Information supplied Block Start

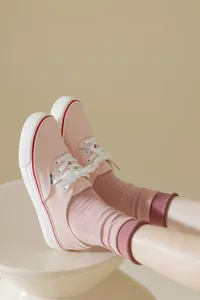 Pink canvas casual shoes paired with matching pink mid-tube socks, stylish and cozy detail view.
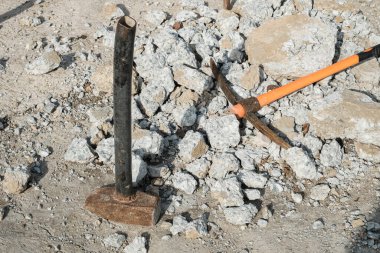 Geological pick with orange handle on the stones next to old hammer.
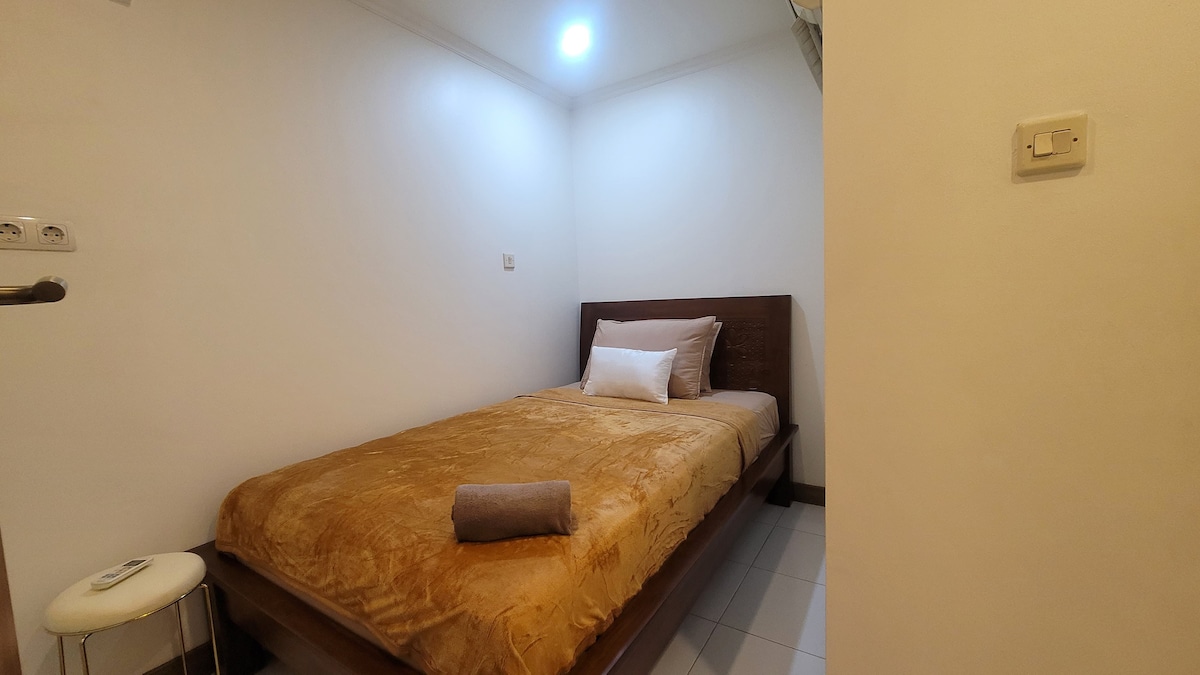 A sleeping area features a wooden bed with a soft beige blanket and a white accent pillow. A rolled towel is placed on the bed. A small white stool is positioned beside the bed. Soft lighting fills the room, which is finished in neutral tones.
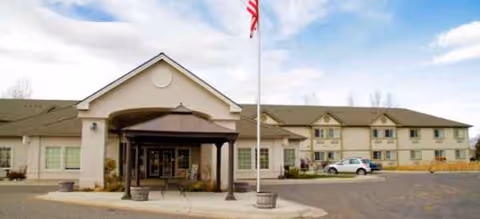Front view of a senior living facility with entrance canopy, flagpole, and parked cars.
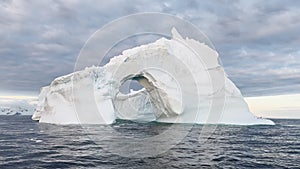 Arch in a huge iceberg, high breakaway glacier drifts in the southern ocean off the coast of Antarctica at sunset, the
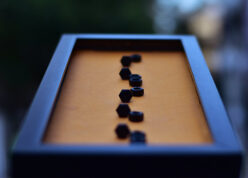 Close view of name in nuts and bolts in an orange background black frame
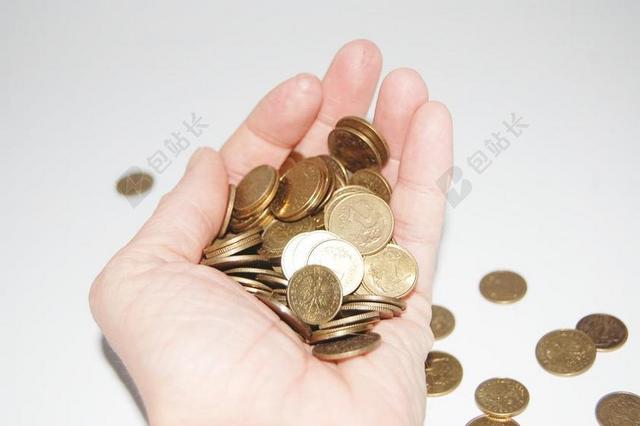 黄色金融鲜明手上的金币钱币储存交易商贸背景图片
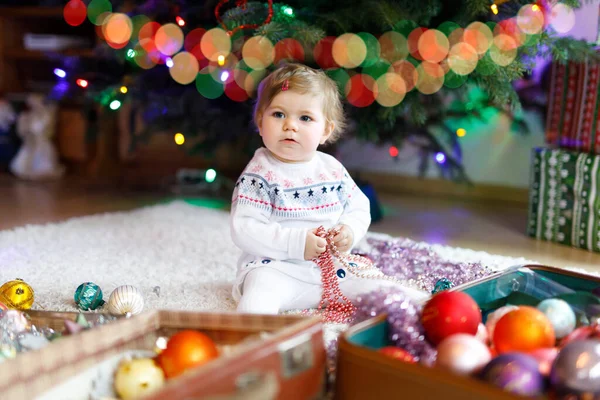 Entzückendes kleines Mädchen mit bunten Lichtergirlanden in niedlichen Händen. Kleines Kind in festlicher Kleidung schmückt Weihnachtsbaum mit Familie. Erstes Fest des traditionellen Feiertags namens Weihnachten — Stockfoto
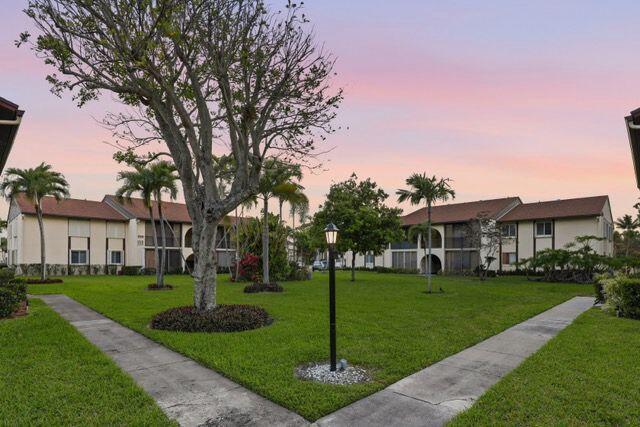 A grassy courtyard sits between two-story apartment buildings with palm trees and a lamp post — 3561 Tall Pine Way # C2, FL 33463, FL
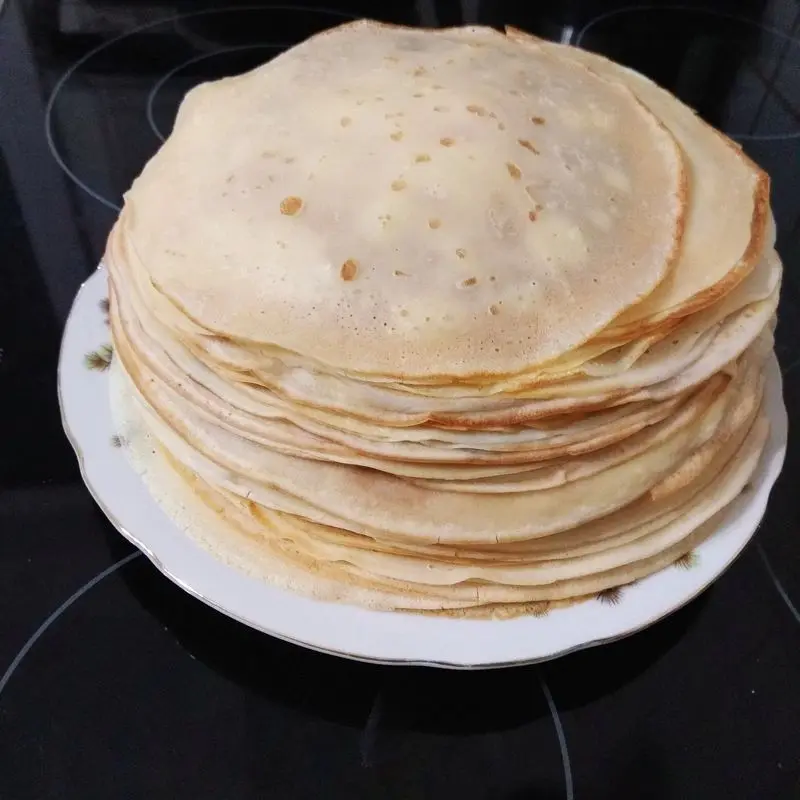Pila de blinis, tortitas finas, sobre un plato blanco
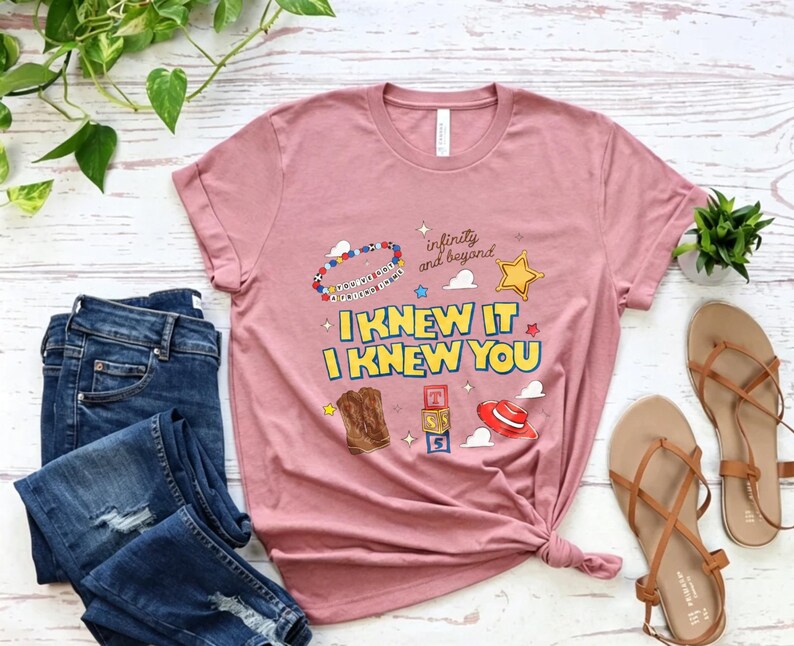 Puede incluir: Una camiseta de manga corta de color malva con el texto I KNEW IT I KNEW YOU en letras amarillas y azules. El gr&aacute;fico incluye una pulsera de cuentas, una estrella amarilla, botas vaqueras marrones, bloques de letras y un sombrero rojo con el texto infinity and beyond.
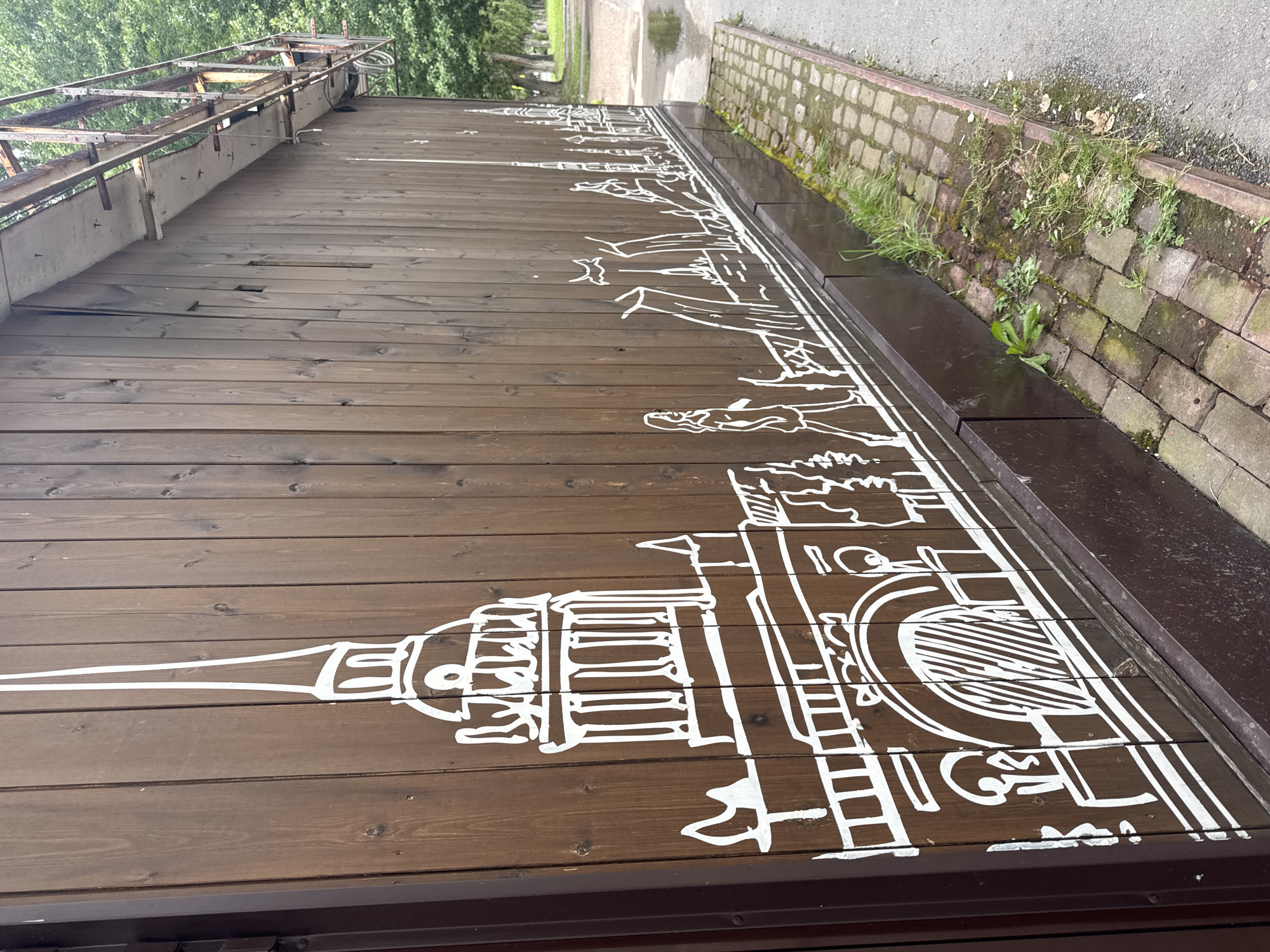 The image depicts a wooden wall adorned with a white line drawing of a city skyline. The drawing features several buildings, including a prominent one with a spire, arches, and columns, reminiscent of classical architecture. A silhouetted figure of a person walking is also visible. The wall itself is constructed from vertical wooden planks and is painted a dark brown. The artwork extends horizontally across the wall. At the bottom of the wall, there is a dark brown base. In front of the wall, a cobblestone path is laid, with some patches of grass and weeds growing between the stones and along the edge. A wet asphalt surface is visible to the right of the path, suggesting recent rain. In the background, trees and foliage are present, indicating an outdoor setting.
The drawing style is simple and somewhat abstract, with clean white lines defining the architectural forms and the human figure. The overall impression is that of a mural or graffiti art on an exterior surface. The context of Ufa, Russia, is not visually evident from the image itself but is provided as information about the location. Therefore, it's not possible to confirm or deny the specific location within Ufa based solely on the visual content.
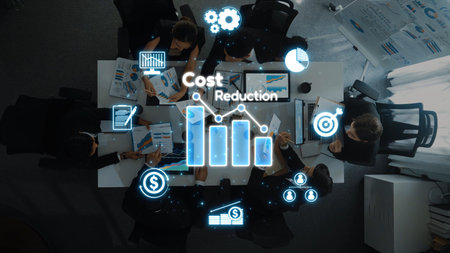 A professional business meeting centered on cost reduction strategies. Overhead view of a team...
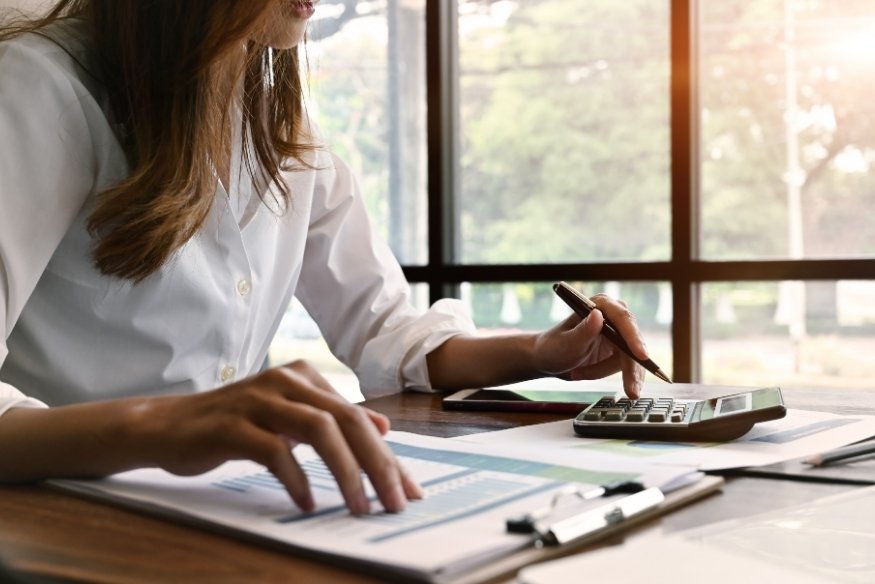 Persona usando una calculadora para revisar documentos financieros.
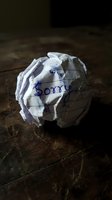 Crumpled paper ball with the word Sorry written in blue pen on a wooden surface, conveying regret, apology, and emotional conflict.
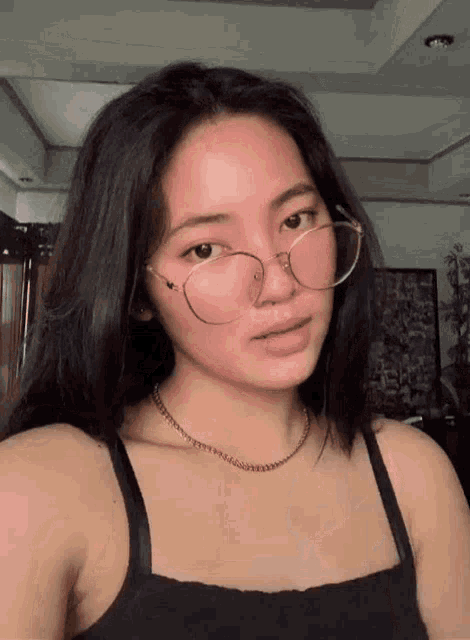 a woman wearing glasses and a black tank top looks at the camera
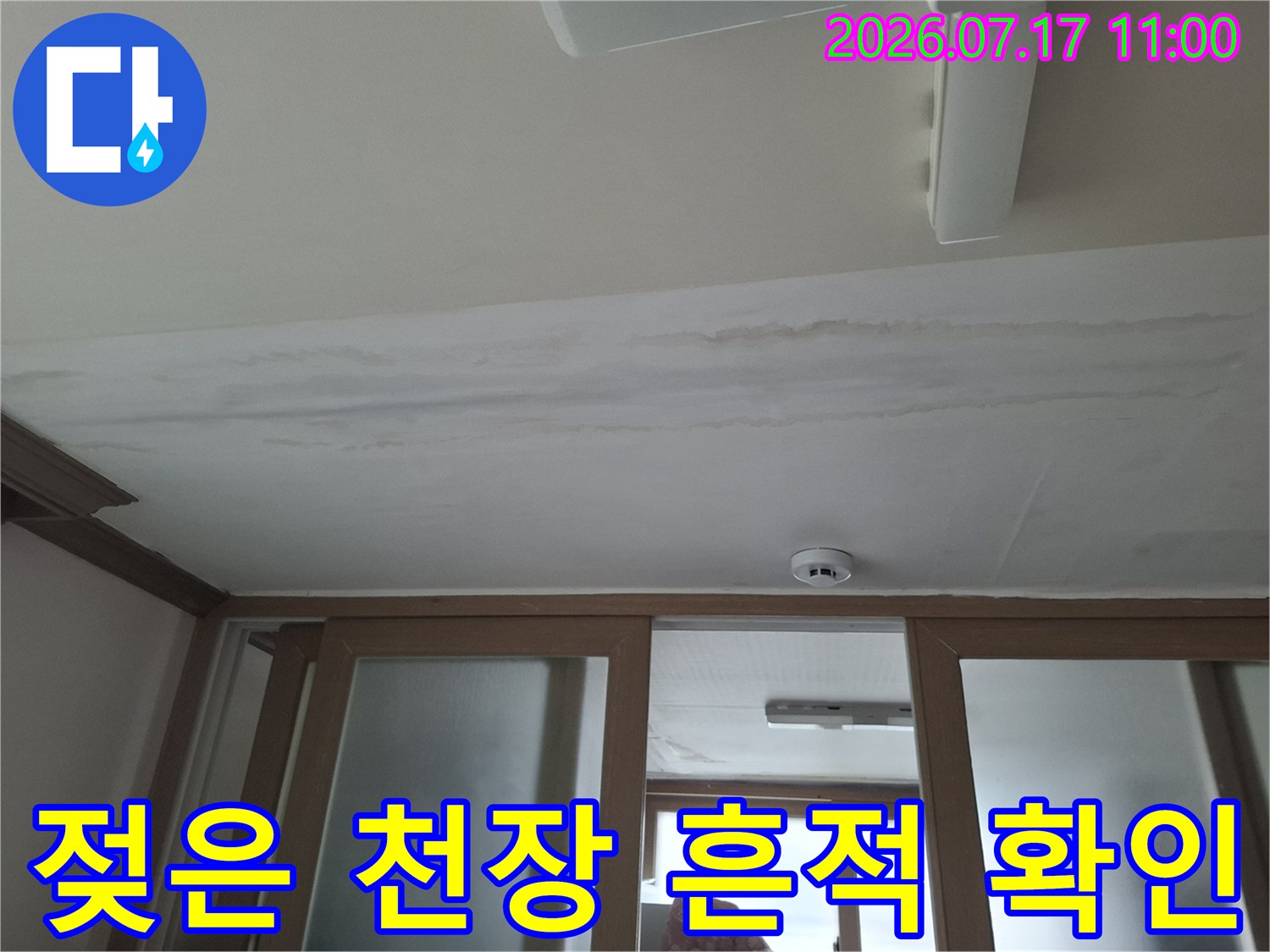 천장 마감재에 물이 스며든 자국과 젖어 있는 구간을 촬영한 사진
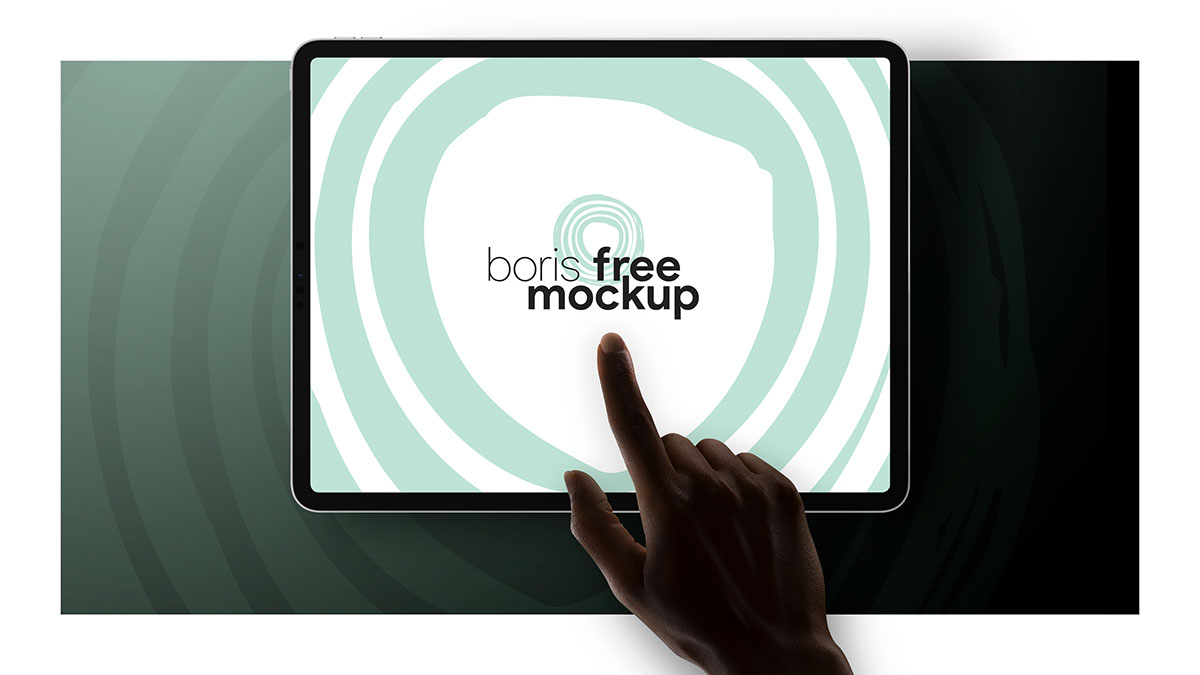 Free PSD finger pointing to iPad Pro screen mockup rendition image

Information supplied Block End

| Task to complete |
Above are some records; extract exactly the lines from the one containing "Close view of" through the one containing "The drawing style" and drop the pictures.

| Solution to this task |
 Close view of name in nuts and bolts in an orange background black frame
 黄色金融鲜明手上的金币钱币储存交易商贸背景图片
 Entzückendes kleines Mädchen mit bunten Lichtergirlanden in niedlichen Händen. Kleines Kind in festlicher Kleidung schmückt Weihnachtsbaum mit Familie. Erstes Fest des traditionellen Feiertags namens Weihnachten — Stockfoto
 A grassy courtyard sits between two-story apartment buildings with palm trees and a lamp post — 3561 Tall Pine Way # C2, FL 33463, FL
Pila de blinis, tortitas finas, sobre un plato blanco
 Puede incluir: Una camiseta de manga corta de color malva con el texto I KNEW IT I KNEW YOU en letras amarillas y azules. El gr&aacute;fico incluye una pulsera de cuentas, una estrella amarilla, botas vaqueras marrones, bloques de letras y un sombrero rojo con el texto infinity and beyond.
 The image depicts a wooden wall adorned with a white line drawing of a city skyline. The drawing features several buildings, including a prominent one with a spire, arches, and columns, reminiscent of classical architecture. A silhouetted figure of a person walking is also visible. The wall itself is constructed from vertical wooden planks and is painted a dark brown. The artwork extends horizontally across the wall. At the bottom of the wall, there is a dark brown base. In front of the wall, a cobblestone path is laid, with some patches of grass and weeds growing between the stones and along the edge. A wet asphalt surface is visible to the right of the path, suggesting recent rain. In the background, trees and foliage are present, indicating an outdoor setting.
The drawing style is simple and somewhat abstract, with clean white lines defining the architectural forms and the human figure. The overall impression is that of a mural or graffiti art on an exterior surface. The context of Ufa, Russia, is not visually evident from the image itself but is provided as information about the location. Therefore, it's not possible to confirm or deny the specific location within Ufa based solely on the visual content.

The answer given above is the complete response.